"Does the number of column families still significantly impact the memory footprint? If so, what is the incremental cost of a column family/table?"IMHO there would be little difference in memory use for a node with zero data that had 10 CF's and one that had 100 CF's. When you start putting data in the story changes.
As Alain said, the number of rows can impact the memory use. In 1.2+ that's less of an issue, but the index samples are still on heap. In my experience in normal (4Gb to 8GB heap) this is not an issue until you get into 500+ million rows.
The number of CF's is still used when calculating when to flush to disk. If you have 100 cf's the server will flush to disk more frequently than if you have 10. Because it needs to leave more room for the memtables to grow.

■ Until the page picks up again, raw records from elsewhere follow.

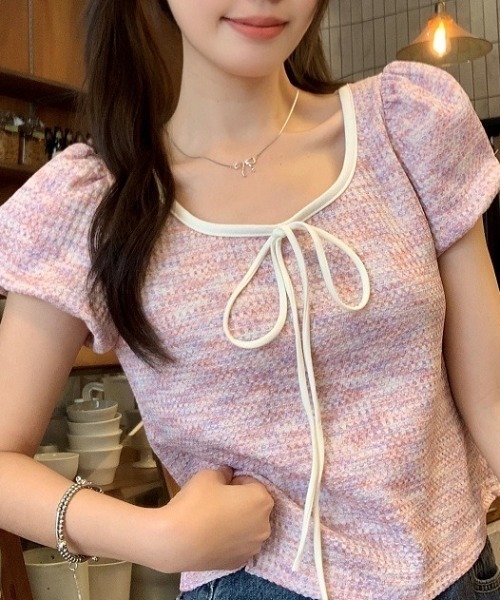 tシャツ フロントリボンリブトップス レディース Sibra tシャツ フロントリボンニットトップス レディース
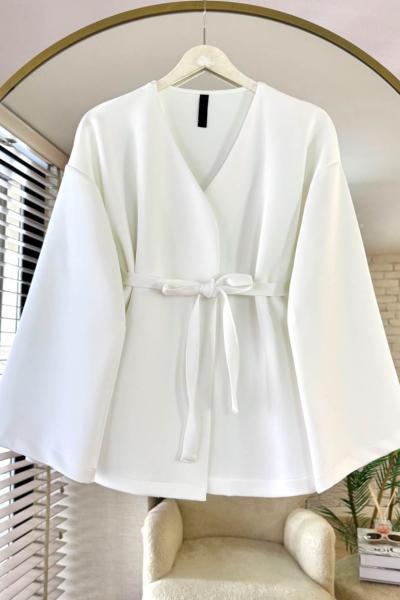 Kuşaklı Scuba Ceket Beyaz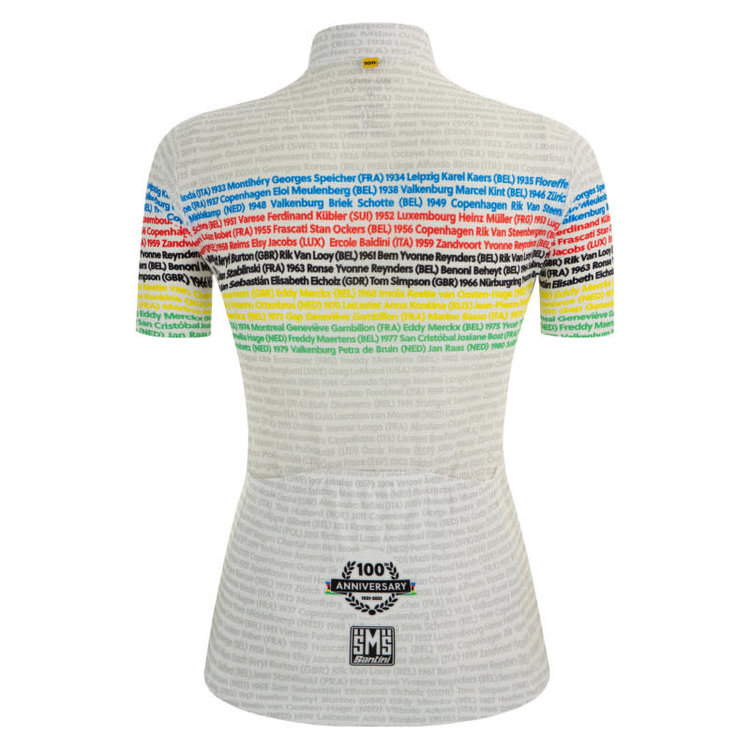 SANTINI UCI WORLD CHAMPION JERSEY FOR LADY-WHITE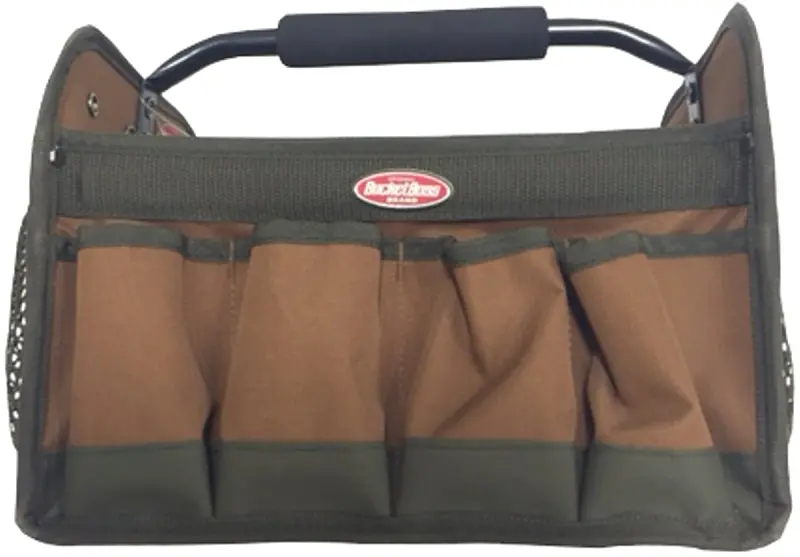 Bucket Boss 12-Inch Ripstop Tote Bag With 8 Organizational Pockets – Brown 1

The best way to get help on this is provide details on the memory settings, the numbers of CF's, the total number of rows, and the cache settings.
Hope that helps.
if using 1.2.*, Bloom filters are in native memory so not pressuring your heap, how many data do you have per node ? If this value is big, you have samples index in the heap consuming a lot of memory, for sure, and growing as your data per node grow.
Solutions : increase the heap if < 8GB and / or reduce sampling index_interval: 128 to a bigger value (256 - 512) and /or wait for 2.0.* which, of the top of my head, should move the sampling in native memory allowing heap size to be independent from the data size per node.
This should alleviate things. Yet these are only guesses since I know almost nothing about your cluster...
Hope this help somehow.